9月22日

音は耳だけで聴いている、のではないらしい。耳は皮膚の敏感な部分が内側に入り込んだという。耳ほど敏感でないにしろ皮膚でも音を聴いている。体全体に耳がある。

 

食事をするとき、皿の上の料理をみて、においをかぎ、箸で重さを感じ、口に入れて噛み、味わう。食べるときも、口以外の器官を使っている。


ほとんどのことは、ある機能だけを使っているのではなく、いろんな機能を複合的に使っている。だから、耳は音を聞く、鼻はにおいをかぐのは鼻、目はものをみるだけではない。鼻で記憶を呼び起こし、目で匂いを嗅ぎ取る。

 

雨の午後、ミホミュージアムに行く。レセプションから、展示場まで歩く。

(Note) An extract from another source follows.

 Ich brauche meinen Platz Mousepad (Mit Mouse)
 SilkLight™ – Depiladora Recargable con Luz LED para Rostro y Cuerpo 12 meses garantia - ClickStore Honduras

枝垂れ桜並木を越え、トンネルにはいる。トンネルはカーブしていて、先が見えない。しばらく歩くと、出口の丸の中に、入母屋造の建物が見える。

 

美術館に着くまでに信楽の森の中を車で走っているのも、ミホミュージアム展示のようだった。展示物だけが美術館ではない。ある機能は専門家ではない。あらゆることは全体的だ。